Simple, efficient, sound and complete combinator parsing for all context-free grammars, using an oracle
The P3 combinator parsing library
(Talk at OCaml 2014)
Dr Tom Ridge
2014-09-05
Main features
Parsing library (also has a parser generator component); interactive development
Can handle all CFGs (including left-recursive CFGs)
Scannerless (parse strings directly without lexing), or can use a lexer
Good theoretical basis e.g. sound and complete (see here for what these mean formally)
Good performance (for a general parser)
Can handle some fancy examples
Anti-feature: currently nowhere near as fast as deterministic parsers eg ocamlyacc
This talk
- We look at some examples, not at the theory
Example
- Consider the grammar
E -> E E E | "1" | eps
(* Grammar: E -> E E E | "1" | eps *)
let rec parse_E = (fun i -> (mkntparser "E" (
(parse_E ***> parse_E ***> parse_E)
|||| (a "1")
|||| (a "")))
i)
What does complete mean?
Completeness naively means: all parse trees are returned
What if there are an infinite number of parse trees?
Given a grammar, define a class of "good" parse trees. The class is finite (but potentially exponentially large).
"Good" parse trees are all you need - not in this talk.
Completeness means: all good parse trees are returned.
Example: parse trees
let rec parse_E = (fun i -> mkntparser "E" (
((parse_E ***> parse_E ***> parse_E) >>>> (fun (x,(y,z)) -> `Node(x,y,z)))
|||| ((a "1") >>>> (fun _ -> `LF("1")))
|||| ((a "") >>>> (fun _ -> `LF(""))))
i)
Input size|Number of results (good parse trees)
0 |1
1 |1
2 |3
3 |19
4 |150
...
19 |441152315040444150
See here
Fact: computing results for inputs of size 19 or larger is not feasible
Note: exponential number of results means this must take (at least) an exponential amount of time
Note: this has nothing to do with parsing, it is due to the actions
Conceptual distinction: parsing is not applying actions
Parsing is different from applying the actions
Parsing can be done in polytime (e.g. using Earley). Results can be computed in polytime and stored in polyspace.
Applying actions takes how long? Well, it depends on the actions.

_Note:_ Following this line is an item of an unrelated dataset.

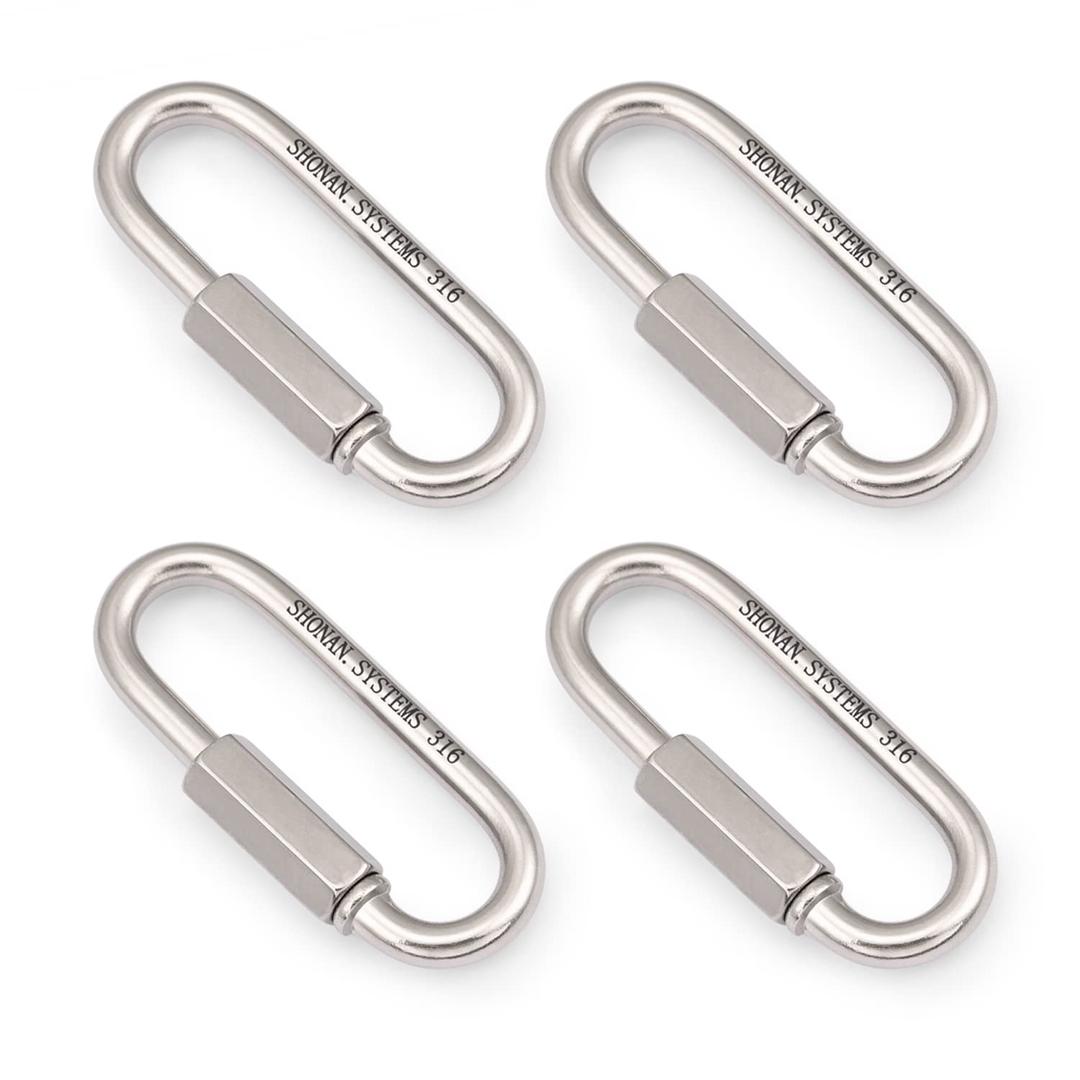 SHONAN 2.85" Chain Quick Links, 4 Pcs 1/4" Marine Grade Screw Chain Links, Large Opening Chain Connector Chain Coupler, 635 Lbs Capacity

Applying actions over all good parse trees (where each action takes a constant time), takes an exponential amount of time
Example: counting
(* Grammar: E -> E E E | "1" | eps *)
let rec parse_E = (fun i -> (mkntparser "E" (
((parse_E ***> parse_E ***> parse_E) >>>> (fun (x,(y,z)) -> x+y+z))
|||| ((a "1") >>>> (fun _ -> 1))
|||| ((a "") >>>> (fun _ -> 0))))
i)
Input size|Number of results
0 |1
1 |1
2 |1
4 |1
...
19 |1
Example: memoized counting (YCDTWAOP)
let rec parse_E =
let tbl_E = MyHashtbl.create 100 in
(fun i -> memo_p3 tbl_E (mkntparser "E" (
((parse_E ***> parse_E ***> parse_E) >>>> (fun (x,(y,z)) -> x+y+z))
|||| ((a "1") >>>> (fun _ -> 1))
|||| ((a "") >>>> (fun _ -> 0))))
i)
This is polytime - inputs of length 100 (!!!) take a few seconds to process and return a single result
- The library has been designed to ensure "optimal" performance at each stage.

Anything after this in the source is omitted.